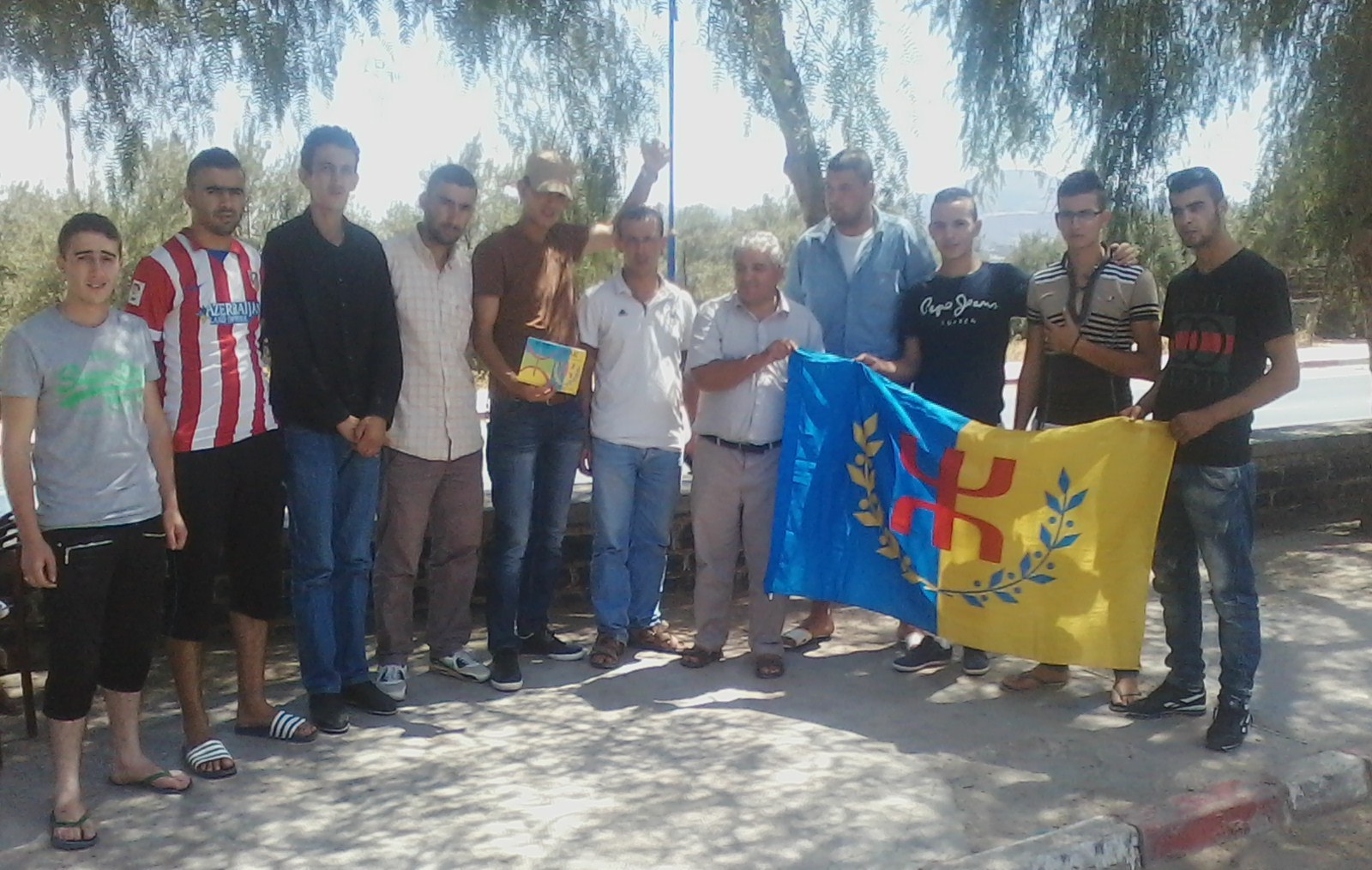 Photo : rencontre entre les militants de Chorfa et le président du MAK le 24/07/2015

* * *

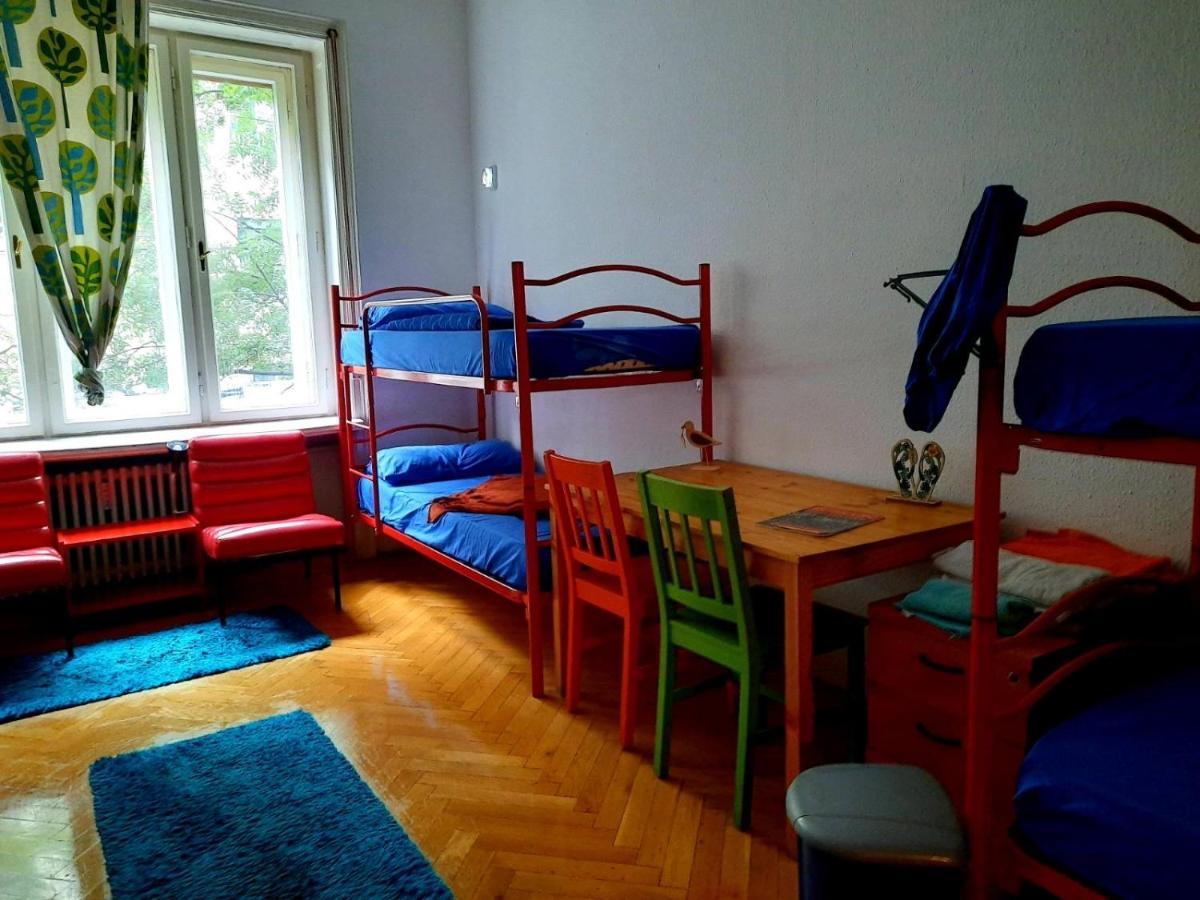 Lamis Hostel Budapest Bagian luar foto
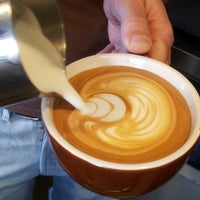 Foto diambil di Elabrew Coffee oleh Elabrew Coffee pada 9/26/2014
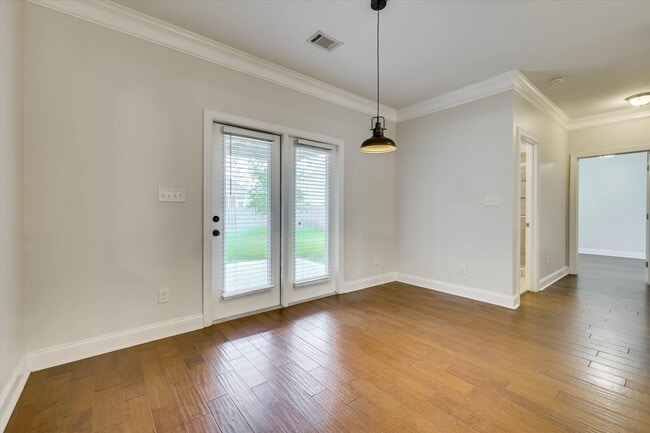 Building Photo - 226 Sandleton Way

### [Activity]
Leave out every picture, and copy exactly the lines above starting at the one holding "Foto diambil di" and ending at the one holding "Building Photo - 226 Sandleton Way", no more and no less.

### [Written reply]
 Foto diambil di Elabrew Coffee oleh Elabrew Coffee pada 9/26/2014
 Building Photo - 226 Sandleton Way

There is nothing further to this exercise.